Round-Robin Differential Phase-Shift Quantum Key Distribution with Twisted Photons

TL;DR

This paper presents an experimental implementation of the round-robin differential phase-shift quantum key distribution protocol using twisted photons' orbital angular momentum, simplifying the setup and enhancing security in free-space quantum communication.

Contribution

It introduces a novel, simplified photonic implementation of the RRDPS protocol using orbital angular momentum, reducing complexity and improving practicality.

Findings

Successful experimental demonstration of RRDPS with twisted photons

Simplified setup with single phase elements for generation and detection

Potential for improved security in free-space quantum key distribution

Abstract

Quantum key distribution (QKD) offers the possibility for two individuals to communicate a securely encrypted message.
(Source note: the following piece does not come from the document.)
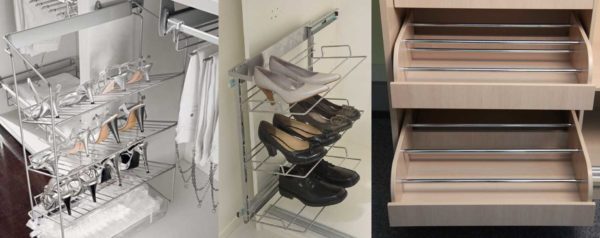 Pour une utilisation rationnelle de l'espace à l'intérieur de l'armoire, vous pouvez installer un étagère à chaussures au lieu d'étagères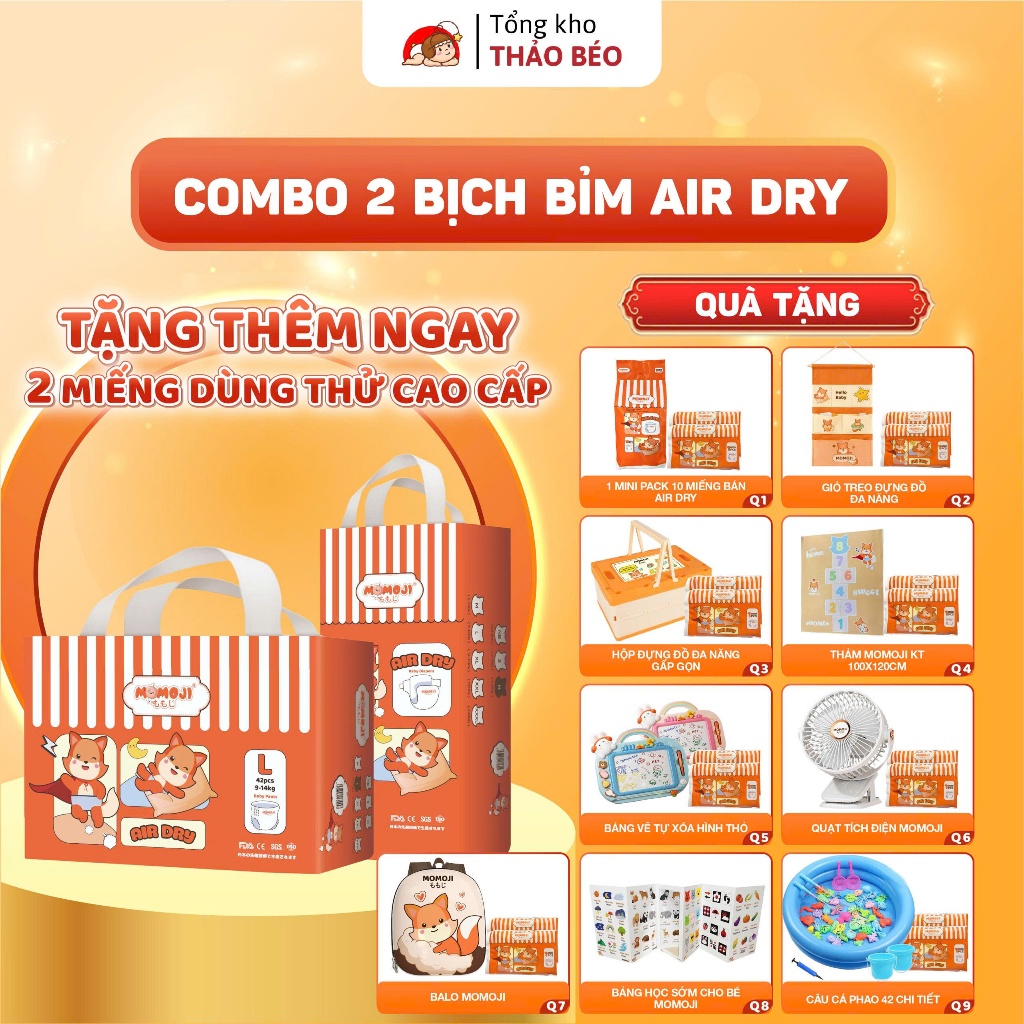 [Momoji Air Dry] Combo 2 Bịch Bỉm Dán/Quần Momoji Air Dry Cao Cấp Mềm Mỏng Mịn Thấm Hút Tốt, Giữ Môn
From the time of its inception in 1984 by Bennett and Brassard, QKD has been the result of intense research. One technical challenge is the monitoring of signal disturbance in a QKD system to bound the information leakage towards an unwanted eavesdropper. Recently, the round-robin differential phase-shift (RRDPS) protocol, which encodes bits of information in a high-dimensional state space, was proposed to solve this exact problem. Since its introduction, many realizations of the RRDPS protocol were demonstrated using trains of coherent pulses. Here, we propose and experimentally demonstrate an implementation of the RRDPS protocol using the photonic orbital angular momentum degree of freedom. In particular, we show that Alice's generation stage and Bob's detection stage can each be reduced to a single phase element, greatly simplifying its implementation. Our scheme offers a practical demonstration of the RRDPS protocol which will suppress the need for monitoring signal disturbance in free-space channels.